È stato difficile cercare un brano che rappresenti il romanzo, appunto perché sono molto le tematiche trattate. Ma voglio condividere con tutti voi un passo che parla di “diversità”, affinché si abbatta il muro del normodotato contro la persona disabile. La scienza ci dice che il Dna umano è diverso per ogni singola persona, quindi non ne esiste una uguale ad un’altra, come si suole pensare. Siamo tutti diversi e per questo, siamo tutti speciali.
“Forse anche quando avevo tre o quattro anni, c’era una parte di me che aveva già compreso. Io non so se queste cose si possano percepire, ma questa è la sensazione che ho avuto, durante tutta la mia vita. Che in qualche modo io abbia sempre saputo, dentro di me, di essere diversa dalle persone che mi ruotavano intorno, da quelle che incontravo, anche per caso, da quelle che poi finivano per diventarmi amiche. E so che il termine diversa è una mostruosità indicibile, ma perdonatemelo”.
Isabella qui fa una riflessione sulla sua infanzia, quando, da disabile, ha capito che ci fosse una differenza sostanziale tra la sua vita e quella dei coetanei. È da qui che nasce un senso di solitudine all’interno della protagonista, un’incomprensione da parte della società che si porterà sempre dietro e che io stessa, oltre al bullismo, ho vissuto in quegli anni. Non ho inventato niente a livello emozionale per essere il più sincera possibile con il lettore e spero che il messaggio venga accolto.
- C’è un aneddoto particolare che l’ha spinta a scrivere questo libro?
Non è esattamente un aneddoto, ma è una storia intera, più precisamente, la mia storia. Sono nata 25 anni fa con la sindrome di Jarcho Levin, una malattia genetica recessiva assai rara che ha il 99% di probabilità di morte nel primo anno di vita. La prognosi data il giorno della mia nascita ai miei genitori era morte certa per soffocamento. Ma non si sa in quale modo il mio cuore non ha voluto cedere ed ha continuato a battere. Prima per giorni, poi per mesi interi. Allora i miei genitori hanno peregrinato per tutti gli ospedali d’Italia, ma tutti arrivavano alla medesima conclusione: il mio caso non era compatibile con la vita. Soltanto all’estero, a Parigi, un chirurgo sentì della mia problematica e si decise a farsi avanti, proponendo un percorso sperimentale. Il suo è stato il tentativo che mi ha salvato la vita. Dopo 24 operazioni chirurgiche alla colonna vertebrale, un infinito numero di corsetti di plastica e gessati, protesi in acciaio lunghe tutta la schiena, io sono viva.
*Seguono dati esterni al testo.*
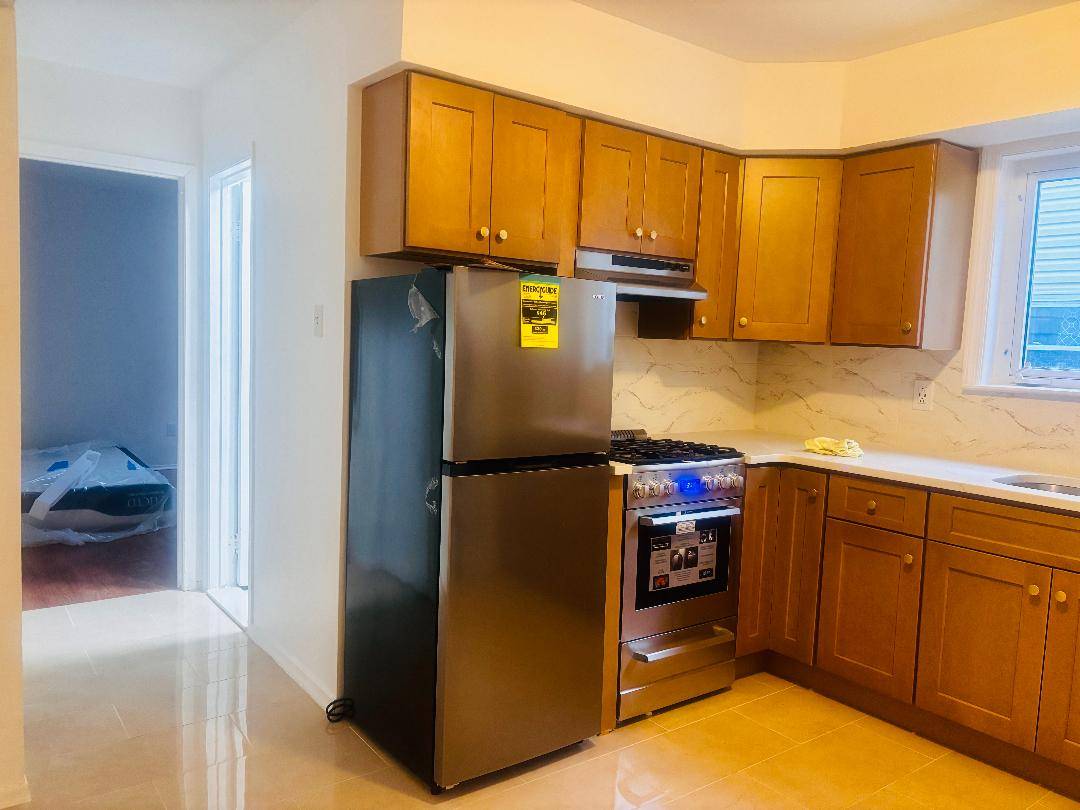 #3 photo, 134  Woodbine Avenue, #2, Staten Island , NY 10314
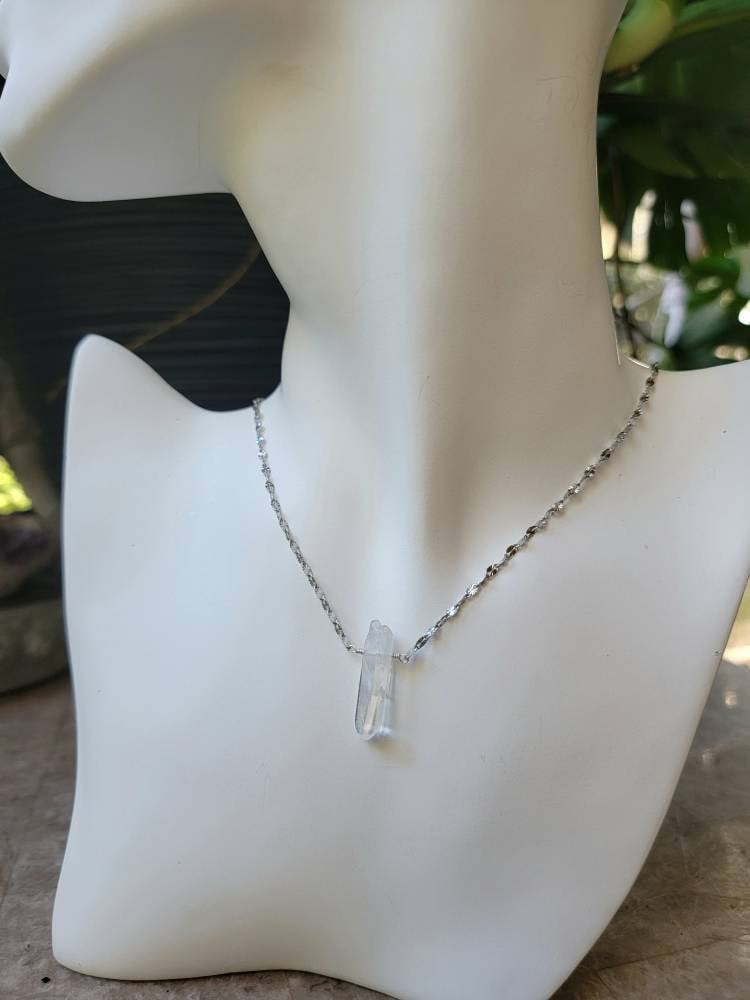 Bergkristall Halskette, Einzelstück, Silber Edelstein Boho Chakra Halskette von BellaMiaBeadsStudio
E da questa vicenda ho tratto “La verità delle cose negate”.
- Cosa si aspetta dalla partecipazione a Casa Sanremo Writers 2023?
Da Casa Sanremo mi aspetto di imparare molto e di divertirmi, vivendomi intensamente ogni momento che proverò durante la rassegna. Ovviamente il mio obiettivo è anche quello di far conoscere il mio libro e la mia storia, che possa essere un esempio per tanti che soffrono ed hanno perduto le speranze. Io sono la prova vivente che i miracoli possono accadere. E, poi, non vedo l’ora di condividere la mia passione per la scrittura con tutti i miei colleghi, che mi daranno la spinta e la tenacia per scrivere ancora e raccontare storie.